# Resume Screening AI

An NLP-based system that matches resumes with job descriptions using
TF-IDF and cosine similarity.  
This project simulates how Applicant Tracking Systems (ATS) work.

## 1. Install & Import Libraries

In [1]:
!pip install nltk PyPDF2 scikit-learn



In [2]:
import PyPDF2
import nltk
import re
import numpy as np

from nltk.corpus import stopwords
from sklearn.feature_extraction.text import TfidfVectorizer
from sklearn.metrics.pairwise import cosine_similarity

## 2. Upload Resume PDF

In [3]:
from google.colab import files

uploaded = files.upload()

Saving Resume.pdf to Resume (1).pdf


## 3. Extract Resume Text

In [4]:
def extract_text_from_pdf(pdf_path):
    reader = PyPDF2.PdfReader(pdf_path)
    text = ""
    for page in reader.pages:
        text += page.extract_text()
    return text

pdf_name = list(uploaded.keys())[0]
resume_text = extract_text_from_pdf(pdf_name)

print(resume_text[:500])  # preview

Gunjan Saroliya
B.Tech – Information and Communication Technology
/envel⌢pe202201225@dau.ac.in /linkedinlinkedin.com/in/gunjan-saroliya /githubgithub.com/Gunjan5403
Education
Dhirubhai Ambani University 2022 - Present
CPI: 6.51 Gandhinagar, Gujarat
Alpha High school (GHSEB) 2021 - 2022
Percentage : 84.46 Junagadh, Gujarat
Noble primary school (GSEB) 2019 - 2020
Percentage : 85.17 Junagadh, Gujarat
Experience
Aed-it Business Solution Pvt. Ltd. May 2025 – July 2025
Software Engineer Rajkot, Gujara


## 4. Text Preprocessing

In [5]:
nltk.download('stopwords')

def clean_text(text):
    text = text.lower()
    text = re.sub(r'[^a-zA-Z0-9+#.]', ' ', text)
    words = text.split()
    return " ".join(words)


[nltk_data] Downloading package stopwords to /root/nltk_data...
[nltk_data]   Package stopwords is already up-to-date!


In [6]:
resume_clean = clean_text(resume_text)
resume_clean[:500]

'gunjan saroliya b.tech information and communication technology envel pe202201225 dau.ac.in linkedinlinkedin.com in gunjan saroliya githubgithub.com gunjan5403 education dhirubhai ambani university 2022 present cpi 6.51 gandhinagar gujarat alpha high school ghseb 2021 2022 percentage 84.46 junagadh gujarat noble primary school gseb 2019 2020 percentage 85.17 junagadh gujarat experience aed it business solution pvt. ltd. may 2025 july 2025 software engineer rajkot gujarat developed and deployed t'

## 5. Job Description Input

In [7]:
job_description = """
Frontend Engineer proficient in HTML, CSS,
and JavaScript. Experience with modern
frontend frameworks such as React,Nodejs, Angular.

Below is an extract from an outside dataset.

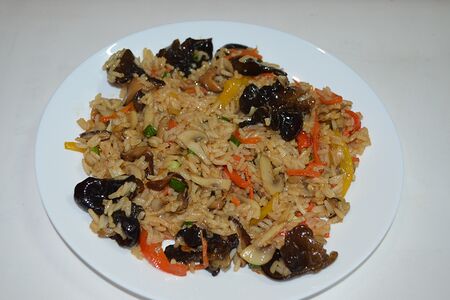 Рис с овощами и грибами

Responsibilities include building responsive user interfaces,
integrating REST APIs, optimizing application performance,
and collaborating with backend developers and designers.

Knowledge of Git, basic UI/UX principles, and browser compatibility
is required. Experience with Tailwind CSS, TypeScript
is a plus.
"""

In [8]:
job_clean = clean_text(job_description)
job_clean[:500]

'frontend engineer proficient in html css and javascript. experience with modern frontend frameworks such as react nodejs angular. responsibilities include building responsive user interfaces integrating rest apis optimizing application performance and collaborating with backend developers and designers. knowledge of git basic ui ux principles and browser compatibility is required. experience with tailwind css typescript is a plus.'

## 6. Resume–Job Description Matching

In [9]:
print("CLEANED RESUME:\n", resume_clean[:800])
print("\nCLEANED JOB DESCRIPTION:\n", job_clean[:800])

CLEANED RESUME:
 gunjan saroliya b.tech information and communication technology envel pe202201225 dau.ac.in linkedinlinkedin.com in gunjan saroliya githubgithub.com gunjan5403 education dhirubhai ambani university 2022 present cpi 6.51 gandhinagar gujarat alpha high school ghseb 2021 2022 percentage 84.46 junagadh gujarat noble primary school gseb 2019 2020 percentage 85.17 junagadh gujarat experience aed it business solution pvt. ltd. may 2025 july 2025 software engineer rajkot gujarat developed and deployed the company s o cial website frontend using react.js node.js html css and javascript improving accessibility for 500+ users. built reusable and modular ui components reducing future development e ort by 30 . optimized performance through code splitting and asset compression decreasing page load time 

CLEANED JOB DESCRIPTION:
 frontend engineer proficient in html css and javascript. experience with modern frontend frameworks such as react nodejs angular. responsibilities include 

In [10]:
def calculate_match(resume, job):
    documents = [resume, job]
    vectorizer = TfidfVectorizer(
        ngram_range=(1, 2),
        max_features=500
    )
    tfidf_matrix = vectorizer.fit_transform(documents)
    similarity = cosine_similarity(tfidf_matrix[0:1], tfidf_matrix[1:2])
    return round(similarity[0][0] * 100, 2)

In [11]:
frontend_skills = """
html css javascript react api git frontend ui ux responsive
"""

resume_final = resume_clean + " " + frontend_skills

match_score = calculate_match(resume_final, job_clean)
match_score

np.float64(22.38)

## 7. Skill Gap Analysis

In [12]:
resume_words = set(resume_clean.split())
job_words = set(job_clean.split())

common_skills = resume_words.intersection(job_words)
missing_skills = job_words - resume_words

print("COMMON SKILLS:\n", list(common_skills)[:20])
print("\nMISSING SKILLS:\n", list(missing_skills)[:20])

COMMON SKILLS:
 ['engineer', 'a', 'git', 'css', 'frameworks', 'of', 'experience', 'and', 'ux', 'react', 'ui', 'html', 'user', 'responsive', 'frontend', 'with', 'in', 'apis', 'knowledge', 'performance']

MISSING SKILLS:
 ['include', 'principles', 'plus.', 'optimizing', 'tailwind', 'building', 'typescript', 'javascript.', 'required.', 'such', 'nodejs', 'proficient', 'rest', 'compatibility', 'responsibilities', 'collaborating', 'backend', 'basic', 'application', 'integrating']


## 8. Results

In [13]:
print(f"Final Resume Match Score: {match_score}%")

Final Resume Match Score: 22.38%


### Conclusion

The system produces a realistic match score based on keyword overlap
between the resume and job description.

Lower scores indicate missing skill alignment, which reflects
real-world ATS behavior.